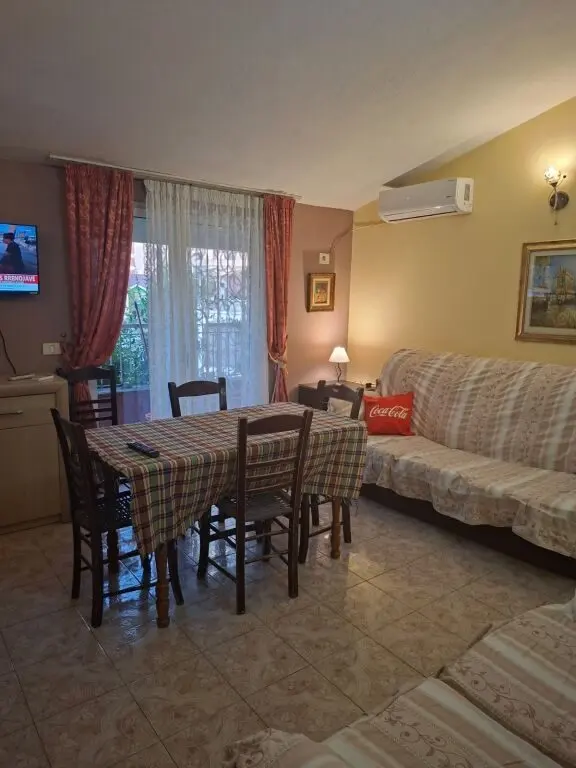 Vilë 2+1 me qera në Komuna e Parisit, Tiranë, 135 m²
* * *
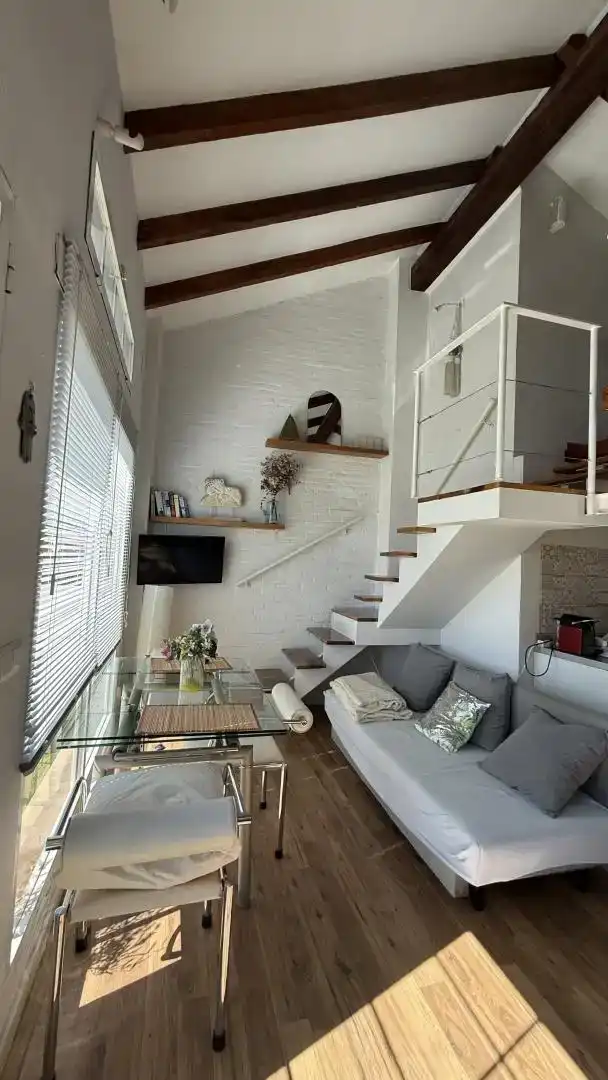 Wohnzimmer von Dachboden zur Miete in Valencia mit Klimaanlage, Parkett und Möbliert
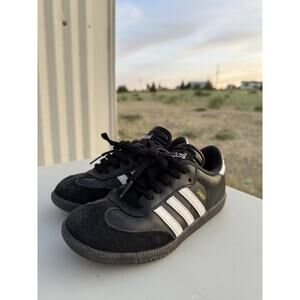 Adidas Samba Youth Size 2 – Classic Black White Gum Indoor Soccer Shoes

- _WORK INSTRUCTION_:
What you write must match the listing exactly, from the line with "Wohnzimmer von Dachboden" up to and including the line with "Adidas Samba Youth". Pictures stay out.

- _REPLY_:
 Wohnzimmer von Dachboden zur Miete in Valencia mit Klimaanlage, Parkett und Möbliert
 Adidas Samba Youth Size 2 – Classic Black White Gum Indoor Soccer Shoes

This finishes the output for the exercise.